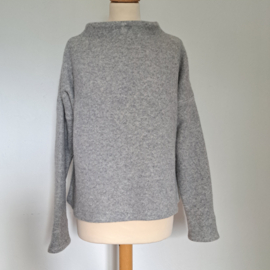 Stapf Damestrui Nicoletta 100% wol met boothals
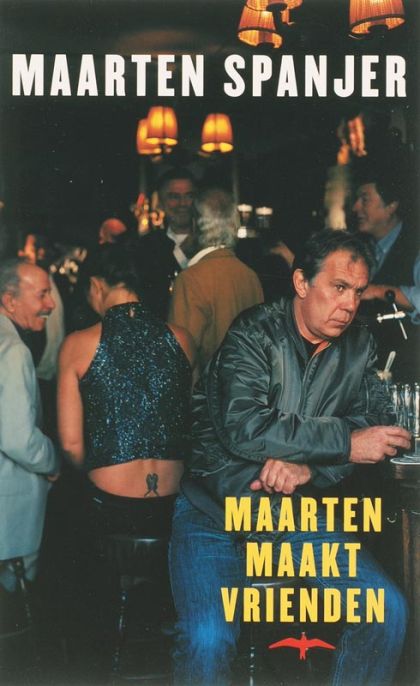 Kaft van Maarten maakt vrienden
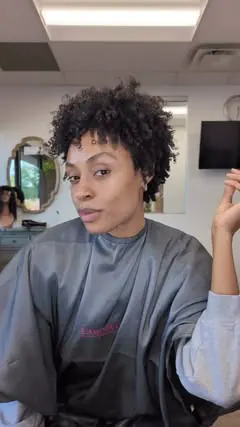 Trust the process ♥️

Ever so grateful for my sis @jadajenkinsco for taking her time with me and educating me on how to repair and rebuild this hair. My hair has gone through trauma combing the locs out so it’s going to be a process to rebuild the ha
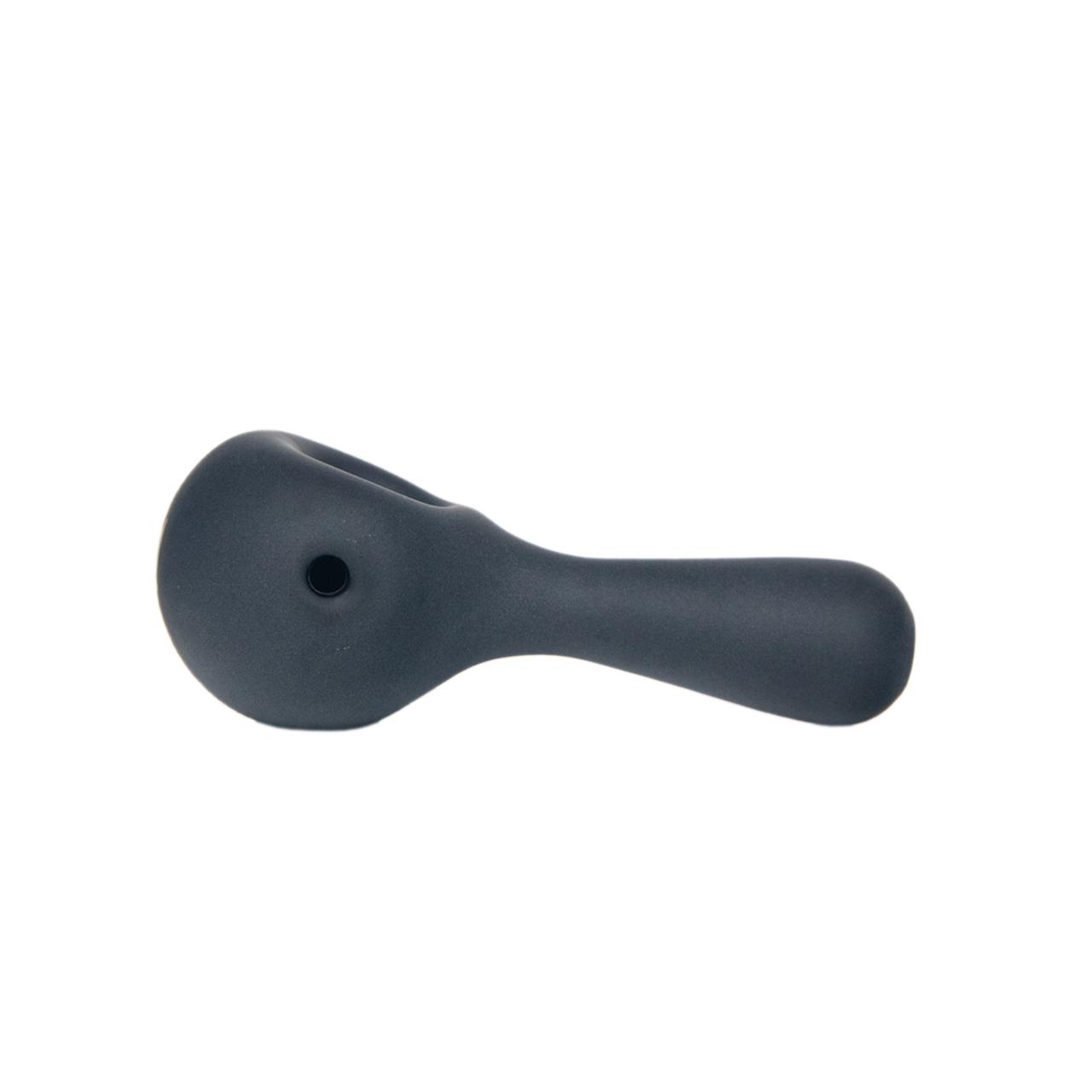 MJ Arsenal Sandblasted Pioneer Hand Pipe-Onyx MJ Arsenal Sandblasted Pioneer Hand Pipe-Onyx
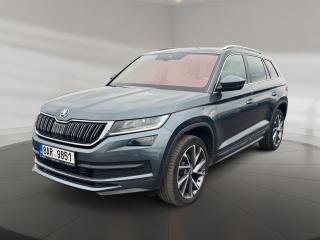 koda Kodiaq L&K 2.0 TDI 147kW TAN CZ DPH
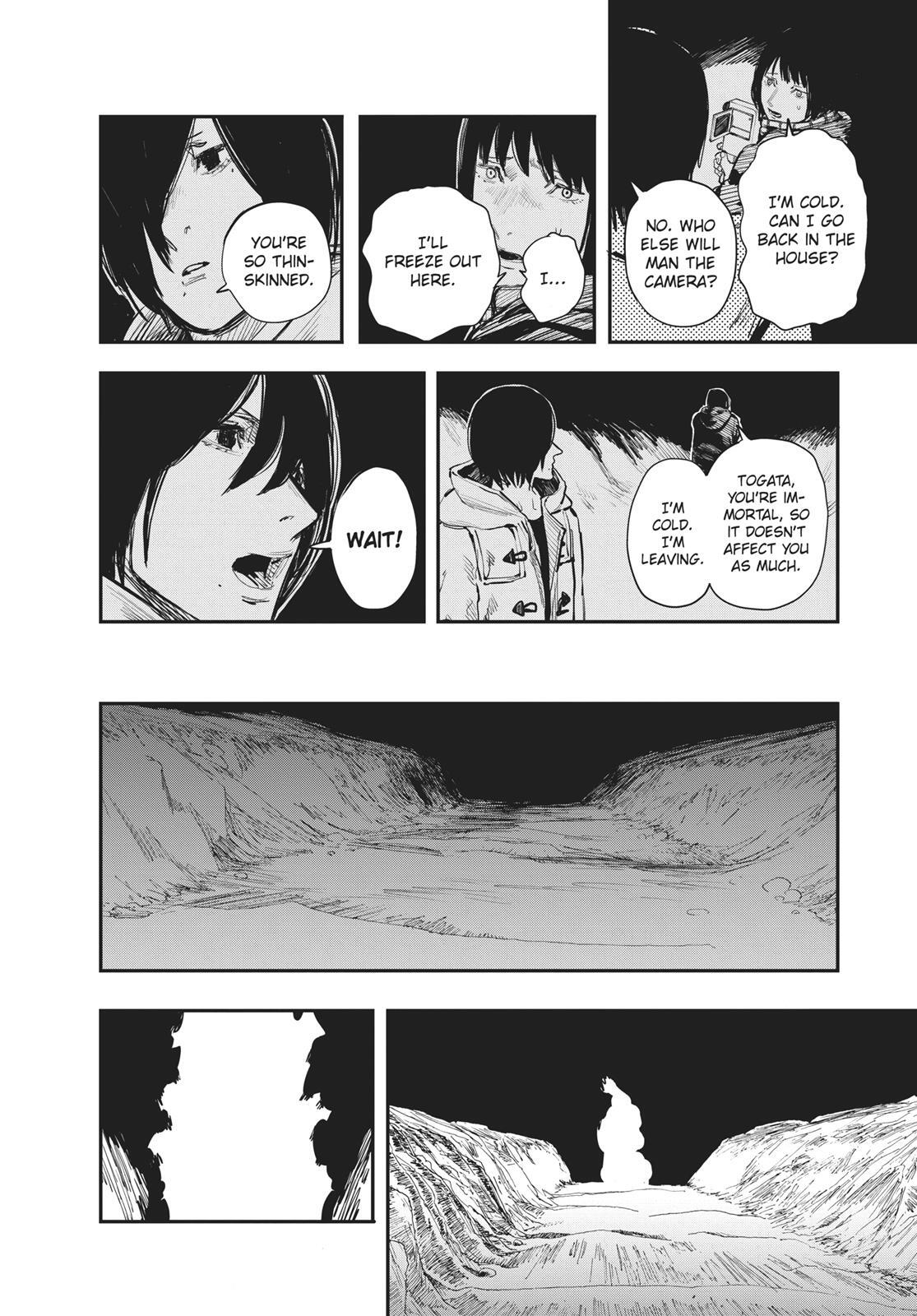 Read Fire Punch Manga Online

————————

Quote every record above exactly, omitting any pictures they contain.

## RESULT FOR THIS EXERCISE
 Stapf Damestrui Nicoletta 100% wol met boothals
 Kaft van Maarten maakt vrienden
 Trust the process ♥️

Ever so grateful for my sis @jadajenkinsco for taking her time with me and educating me on how to repair and rebuild this hair. My hair has gone through trauma combing the locs out so it’s going to be a process to rebuild the ha
 MJ Arsenal Sandblasted Pioneer Hand Pipe-Onyx MJ Arsenal Sandblasted Pioneer Hand Pipe-Onyx
 koda Kodiaq L&K 2.0 TDI 147kW TAN CZ DPH
 Read Fire Punch Manga Online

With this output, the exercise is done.